Bruton calls for relaxation of credit squeeze

Ireland and Europe risk destroying economic recovery by “our enthusiasm to undo the mistakes of the bubble economy”, claims former taoiseach John Bruton.

He said the country is making the “exact same mistakes again, except in reverse” because banks, which had operated under light regulation in the Celtic Tiger years, have become far too conservative.

In a speech at the weekend to a gathering of Irish people with special connections to the US, he criticised the “virtuous politicians” who “reflect rather than lead the public mood, saying we need to slam down the doors on excessive credit”.

If it was not for lending, the US would never have been discovered because Columbus would never have set sail, said Mr Bruton.

Restricting credit, in turn, restricts employment and economic recovery “and that’s what we are doing, all in the name of virtue.
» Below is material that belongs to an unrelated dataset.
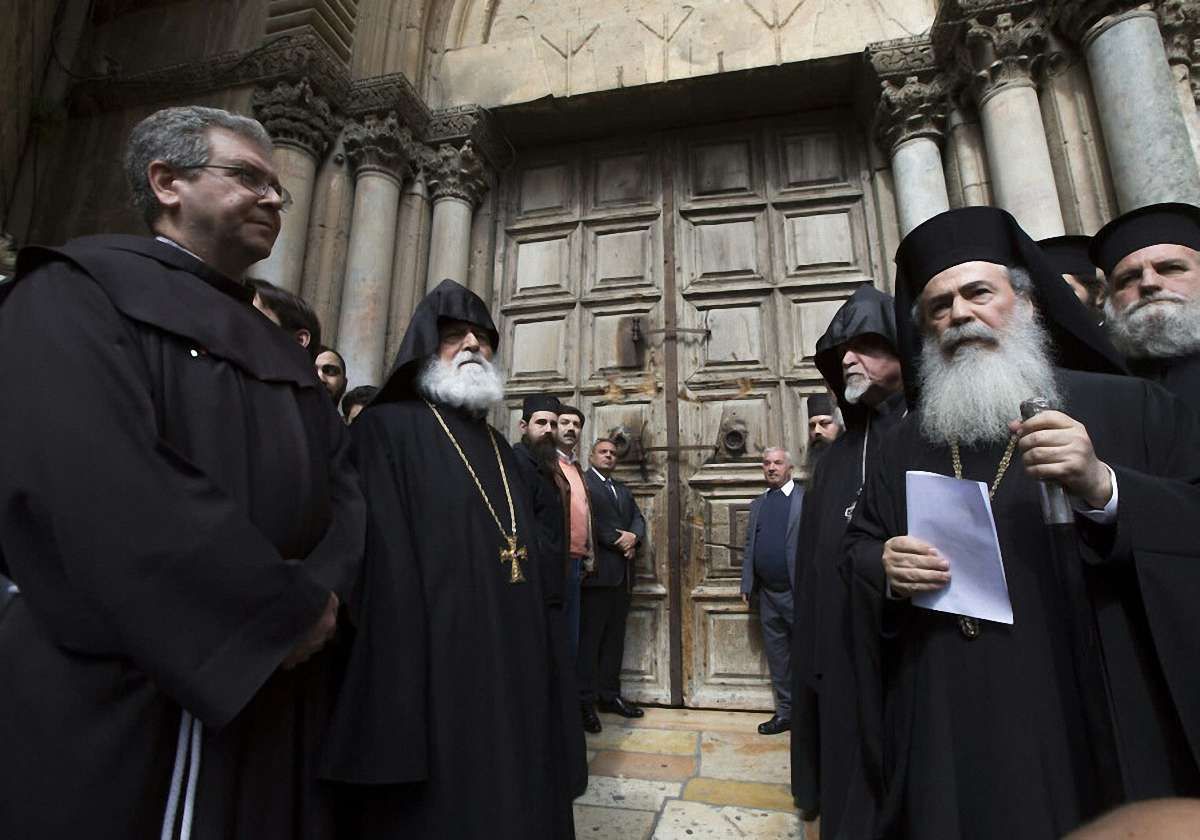 В Єрусалимі на невизначений час закрили Храм Гробу Господнього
Virtue that is 10 years too late,” said Mr Bruton. “And I think that credit squeeze should be reversed.”

Mr Bruton said that the boom occurred because of light-touch regulation, when everyone trusted the markets, and regulators added to the bubble in a pro-cyclical way.

“Now we are repeating the exact same mistake except in reverse,” he said. “We are piling on the regulation; increasing capital ratios; slowing down the decision-making process; ensuring that banks are extremely conservative; that banks contract credit; that banks lend less and save more, which is precisely what we don’t need when we are trying to fuel a recovery,

“In other words, we are making a big show of slamming the stable door when the horse is in the next field, when what we should be doing is buying two more horses, on credit, to try and get our economy growing.”

Mr Bruton was speaking at the annual congress of the Ireland United States Alumni Association.